Civil war erupts. In Barcelona, fighting immediately breaks out on the streets as groups defending the Popular Front government grab weapons and try to repel the military rebels.
That night, Dolores Ibárruri, a fiery orator and a Communist Party leader, gets on the radio and gives an impassioned speech. “Workers! Farmers! Antifascists! Spanish patriots! Confronted with the fascist military uprising, all must rise to their feet, to defend the Republic, to defend the people’s freedoms as well as their achievements toward democracy!” La Pasionaria (the passion flower), as Ibárruri is known, then sounds the battle cry for the loyalists who defend the Republic: “Long live the Popular Front! Long live the union of all antifascists! Long live the Republic of the people! The fascists shall not pass! THEY SHALL NOT PASS!”

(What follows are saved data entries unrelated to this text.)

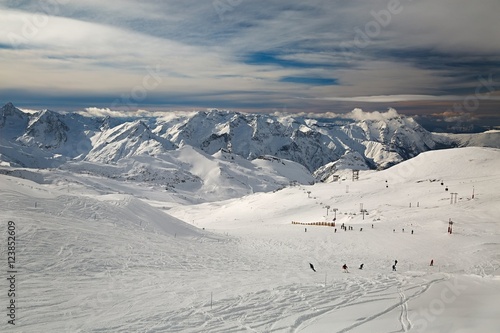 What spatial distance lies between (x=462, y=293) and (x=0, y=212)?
38.0m

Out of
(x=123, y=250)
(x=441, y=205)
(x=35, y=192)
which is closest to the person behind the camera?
(x=123, y=250)

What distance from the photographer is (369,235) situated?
5091 centimetres

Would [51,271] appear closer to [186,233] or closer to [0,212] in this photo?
[0,212]

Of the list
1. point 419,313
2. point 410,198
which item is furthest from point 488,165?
point 419,313

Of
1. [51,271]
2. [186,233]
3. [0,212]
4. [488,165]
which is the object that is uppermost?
[488,165]

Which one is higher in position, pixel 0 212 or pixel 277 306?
pixel 0 212

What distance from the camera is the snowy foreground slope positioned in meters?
16.5

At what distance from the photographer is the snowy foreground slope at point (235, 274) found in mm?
16531

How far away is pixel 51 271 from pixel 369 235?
42251 millimetres

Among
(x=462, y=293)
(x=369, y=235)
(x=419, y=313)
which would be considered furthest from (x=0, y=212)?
(x=369, y=235)

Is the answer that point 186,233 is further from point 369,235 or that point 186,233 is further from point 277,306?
point 277,306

By July 19, the summer music that usually blares from loudspeakers in Barcelona has changed to speeches and exhortations to rise up and fight Franco’s rebels. Workers stream onto La Rambla, the main walkway in Barcelona, to join rapidly forming militias that will fight Franco’s men. The worst of the fighting takes place at the Atarazanas barracks, the main military stronghold, near the port. After three days, the military rebels are driven back. For those on the left, for the workers and peasants especially, Franco’s military uprising is a call to arms. This isn’t just a civil war—it’s a chance to completely make over Spain.
This poster shows values the rebels associated with their cause and with Franco, who became their leader: honor, heroism, faith, authority, justice, efficiency, intelligence, will, and austerity.

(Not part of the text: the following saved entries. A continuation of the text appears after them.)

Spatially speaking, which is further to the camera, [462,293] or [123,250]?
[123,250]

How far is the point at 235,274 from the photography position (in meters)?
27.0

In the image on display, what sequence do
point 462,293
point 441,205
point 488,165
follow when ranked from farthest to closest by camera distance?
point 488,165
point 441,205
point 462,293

Revolution springs up everywhere. In Barcelona, the tram lines and telephone systems are quickly taken over by political parties. In villages and towns, new committees are created, with a complete reorganization of who is in charge. In the region of Aragon, farms are swiftly turned into collectives. In some parts of Catalonia, even money is eliminated. In Madrid, restaurants serve free meals of rice and potatoes, boiled with meat.

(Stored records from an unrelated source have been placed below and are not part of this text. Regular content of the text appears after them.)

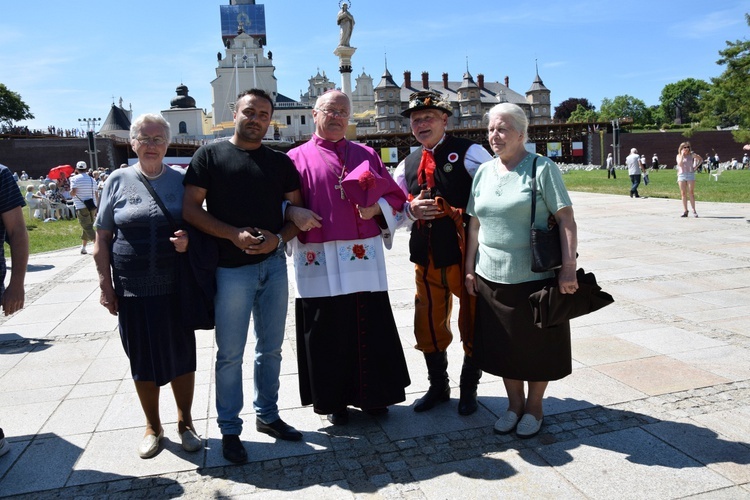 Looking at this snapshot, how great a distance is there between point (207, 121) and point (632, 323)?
3473 inches

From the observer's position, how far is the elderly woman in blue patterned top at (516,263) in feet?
11.3

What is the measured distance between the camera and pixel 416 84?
10150 centimetres

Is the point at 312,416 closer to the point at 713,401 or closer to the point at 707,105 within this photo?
the point at 713,401

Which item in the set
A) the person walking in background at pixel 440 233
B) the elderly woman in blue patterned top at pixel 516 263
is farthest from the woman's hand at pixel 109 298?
the elderly woman in blue patterned top at pixel 516 263

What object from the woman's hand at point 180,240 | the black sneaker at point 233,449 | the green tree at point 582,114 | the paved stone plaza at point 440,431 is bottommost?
the paved stone plaza at point 440,431

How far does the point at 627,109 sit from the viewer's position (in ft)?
339

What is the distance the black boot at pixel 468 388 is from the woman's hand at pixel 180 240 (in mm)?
2006

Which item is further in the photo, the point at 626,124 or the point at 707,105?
the point at 626,124

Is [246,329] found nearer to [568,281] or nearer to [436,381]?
[436,381]

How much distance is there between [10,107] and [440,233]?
257 feet

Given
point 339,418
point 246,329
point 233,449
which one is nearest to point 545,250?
point 339,418

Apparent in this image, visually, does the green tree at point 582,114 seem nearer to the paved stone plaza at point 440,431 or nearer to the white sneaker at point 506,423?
the paved stone plaza at point 440,431

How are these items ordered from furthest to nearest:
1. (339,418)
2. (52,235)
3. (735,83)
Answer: (735,83) < (52,235) < (339,418)

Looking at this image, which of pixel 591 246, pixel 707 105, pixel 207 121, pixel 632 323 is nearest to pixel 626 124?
pixel 707 105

Hitler planned the 1936 Olympics in Berlin to be a display of German might and Aryan superiority. In response, antifascists on the left created a People’s Olympics to be held in Barcelona. The American team was selected to be racially integrated and to feature working-class athletes. The rebellion against the Republic broke out on July 19, just as the games were to start, and they were soon canceled.
For everyone watching Spain from afar, the Republic’s battle against Franco is a line in the sand. It’s the chance to resist fascism and stop the greater war they fear is looming on the not-so-distant horizon.
“When the fighting broke out on 18 July,” an English writer noted, “it is probable that every antifascist in E
urope felt a thrill of hope. For here at last, apparently, was democracy standing up to fascism. For years past the so-called democratic countries had been surrendering to fascism at every step. . . . But when Franco tried to overthrow a mildly left-wing government, the Spanish people, against all expectation, had risen against him. It seemed—possibly it was—the turning of the tide.”
As Chim would write a friend, “Dear boy, the world is not doing well, but it will be better and soon. It nears, we can feel it, we can see it, and it hangs in the air.”
PARIS
For Taro and Capa, the news from Spain is a chance, an opportunity. They decide they must immediately go to Spain—together, as a team—and capture these vital events.
Before they leave, they visit a friend who feeds them breakfast and notices that “they were deeply in love, and she was so happy to go there with him. They were as broke as ever, and I did what I could and made them a meal.”
The trip to Spain is a big change in their relationship, an open declaration of their partnership. It is a major step for Taro, who is not just on the sidelines, aiding and helping Capa. She now has a press pass and is declaring herself to be a photographer in her own right. Yet Spain is a gamble. They are still new at this—who knows what work they’ll be able to sell?